When she was in graduate school, her professor told her that she shouldn't go into this difficult profession for the money — a position in corporate America would provide a salary three times as high. But to Richart, she loved her work, and it was the American spirit to give back that she appreciates.
“For some people, [earning more] helps them to give back. That giving spirit, it makes you happy,” she said. “That’s what makes us great, our giving experience.”
For Dawn Whaley, president of Sharecare — an individualized health platform — her beliefs closely match those of the company she represents. Sharecare is a company focused around helping people build a better life through individual transformation. To Whaley, it’s never focused on the money.
“Some people are their best selves when they’re working 24/7 and that makes them really happy," she said. "Sometimes those people make a ton of money, some don’t, but they’re really happy.”
How To: Self-Care
Whaley believes that the U.S. is near the top of the list for overworked and under-vacationed countries and uses this knowledge to better help her own employees.
Nearly 80 percent of Sharecare's workers utilize the app service. They also frequently host “Wellness Wednesday” activities on a regular basis to encourage healthful habits and employee well-being. In addition, their work from home policy allows for a more flexible work environment.
Working from home has its own problems, according to Richart, stating that it’s often difficult for people if they don't have a set eight-hour workday.
“People who work from home have a harder time disconnecting [their work life from their home life] — where do you draw that line?” Richart said.
Workers with salaries face a similar issue. While workers who are paid hourly have strict rules, salaried workers work until they get the job done.
According to a study conducted by Ohio University, the top 10 percent of employees don’t work a full eight hours, usually taking breaks every hour. A similar study in Sweden showed that, of the nurses included in the study, those who worked a six-hour day instead of eight took half as many days off, were 64 percent more productive and were 20 percent happier overall.

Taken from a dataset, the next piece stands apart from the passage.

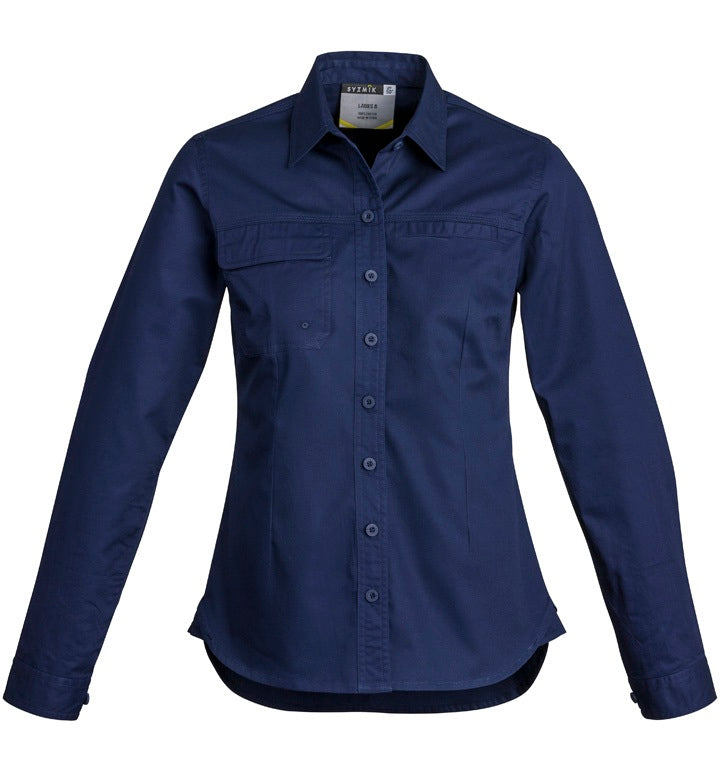 Women's Lightweight Tradie Long Sleeve Shirt by Syzmik Workwear - Style ZWL121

Harvard Business Review also showed that working a six-hour day could be just as productive, if not more. A New Zealand-based study showed the creative benefits of a 32-hour workweek.
The evidence is there; for many, however, tradition can be hard to break.

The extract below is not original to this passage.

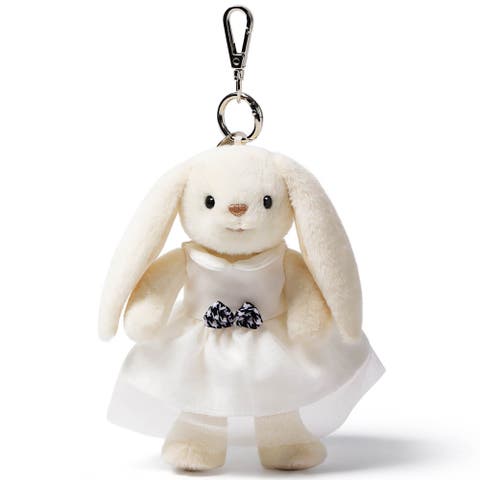 Smiling Leveret Bunny Plush Bag Charm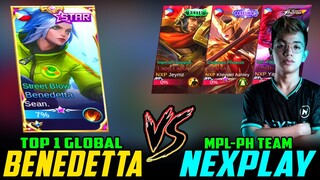 Top 1 Global Benedetta vs. Nexplay (MPL-PH Team) ~ Mobile Legends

“When I was coming up in the early ’90s, you worked hard, came [to work] first and left last,” Whaley said. “Now, it’s shifting to quality over quantity.”
Part of this change is being spurred on by the introduction of millennials to the workforce, overcoming the patterns set in the industrial age.
“The second or third most important thing to millennials is working for a passion and being true to themselves,” Whaley said. “I feel like, I always want to tell anyone to just do their best.”
This change is not only being felt in the workplace, but also on college campuses and during co-ops.
“Your generation is completely different from the generation before, specifically valuing work-life balance,” Richart said, regarding typical students.
Richart noticed that many students going on co-op are really valuing not just the technical aspects, but the time to explore. However, there is still some improvement to do.
“College students know what they like to do, [but they only] look at the job and the salary,” she said. “Take a step back; look at the company, look at the culture, does it match your culture?”
“Take a step back; look at the company, look at the culture, does it match your culture?”
Corporate culture changes every day, but still too slowly for some. In the meantime, take those few minutes and extra days here and there for self-care. If you have a break, use it, and try to keep work confined to the actual workplace.
Richart cannot express how important it is to take some time to have an actual lunch break and talk to people, to stand up and walk around.
“Take care of your mental health during the day,” she said. “Create relationships; you see them more often than your own family — you better like them!”